24 March 2010

MySQL Shortcomings

I have been using MySQL with ASP .NET at work for about the last 3 years now.

I've been stewing on this for quite some time, hoping MySQL would release changes and fixes. As it stands, I cannot recommend MySQL's use to anyone. Even simple sites have a way of becoming complex over time, so don't think you won't eventually run into these very serious problems.

As of this writing, I'm using 5.0 as it's what comes packaged with our linux system. The current version is 5.1. However, these problems or deficiencies are on both versions.

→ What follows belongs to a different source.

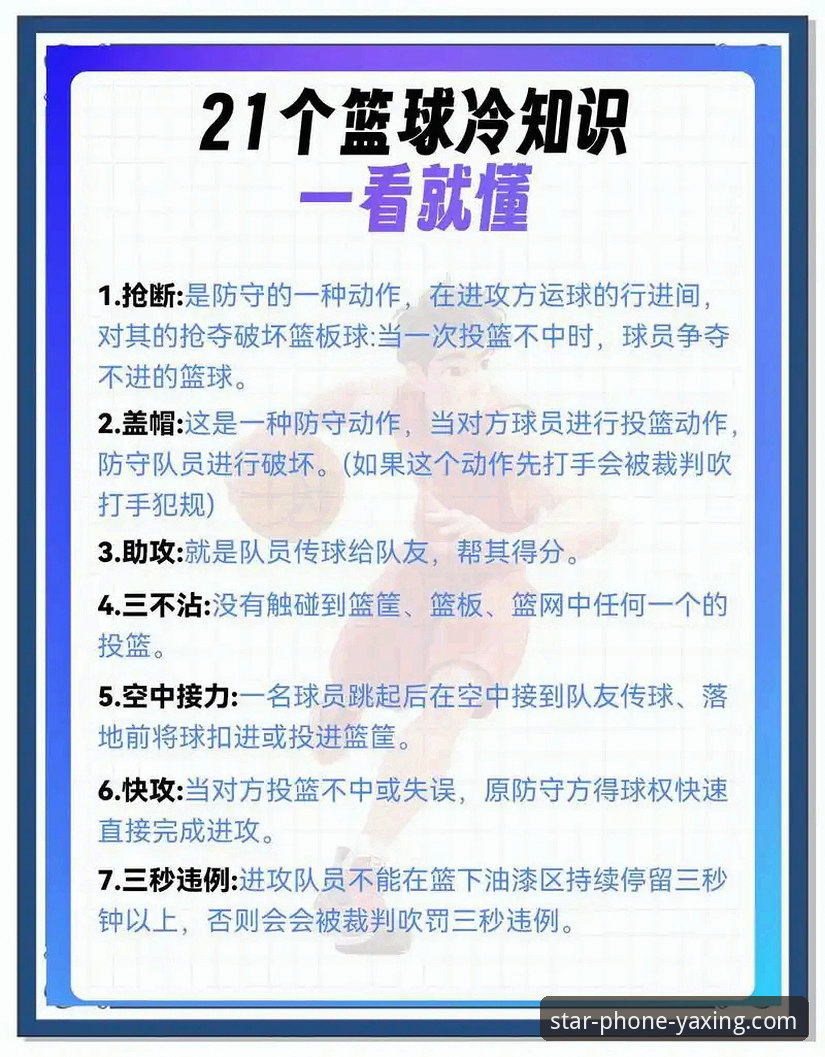 3个关键数据解析上海男篮12连胜，亚星手机版安卓下载助你洞悉赛场细节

Here are the main issues that I run into, which are ridiculous oversights:

  • (Update 2011.03.15) Use of temporary tables breaks replication (!!!). Reference link.
  • (Update 2011.02.02) No Check constraints (!!!). Reference link.
  • (Update 2011.02.02) No Full Outer join (!!!). Reference link.
  • Foreign key cascades do not fire triggers (!!!). Reference link.
  • You cannot disable triggers (!!!). Reference link.
  • You can't use the same temp table twice in the same SQL statement (!!!). Reference Link.
  • There is no method for using the results of stored procedures or functions as a result set for other queries (!!!):
    • Can't create or insert into a temp table with sproc results: E.g. "create temporary table mytemptable call my_sproc();" doesn't work. Neither does "insert into mytemptable call my_sproc();"
    • Can't use a stored procedure as a table alias: E.g. "select * from (call my_sproc());" doesn't work
    • Can't create a view from stored procedure results: E.g. "create view myview as call my_sproc();" doesn't work
    • There is no table type in MySQL, so functions can't return a table and also can't be used to pass result rows to other queries. E.g. "select * from my_func();" doesn't work
    • These things are not explicitly stated in the manual, but questions regarding this kind of result reusability do come up from time to time. E.g. here.
  • No array support. This means that you cannot pass an array to, nor receive an array from, a stored routine or function. Reference link.
  • Stored functions can only return a single value. Not explicitly stated, but implicit in the stored function syntax. Reference link.
  • Unintelligible error messages. Reference link (older but still indicative).
  • No user-raisable error messages. Reference link.
  • Integration with ASP: Entity Framework stored procedure inserts/updates/deletes are not configurable from the GUI -- they must be configured by hand. Reference link.
I can't even wrap my head around a company releasing a database and calling it production ready with some of these issues, particularly the first several half-dozen.

Note that there are work-arounds to nearly all of these issues, but they all entail a certain amount of extra programming, and configuration management (at least having to remember why you had to use those hacky, unclear SQL statements). If you use the database extensively, several of these problems can join forces to make the developer / admin experience very frustrating.

Personally, I will not choose MySQL 5.x again for any new projects. I'll even switch away from it on existing projects if given the opportunity. Hopefully MySQL 6 will be better.

So instead, I'll use SQL Server (even Express if I have to) when integrating with .NET applications. Otherwise, I'll use Postgres, which is free and open source. I'm sure those systems have their problems as well, but at least some of the more serious ones above are absent or mitigated.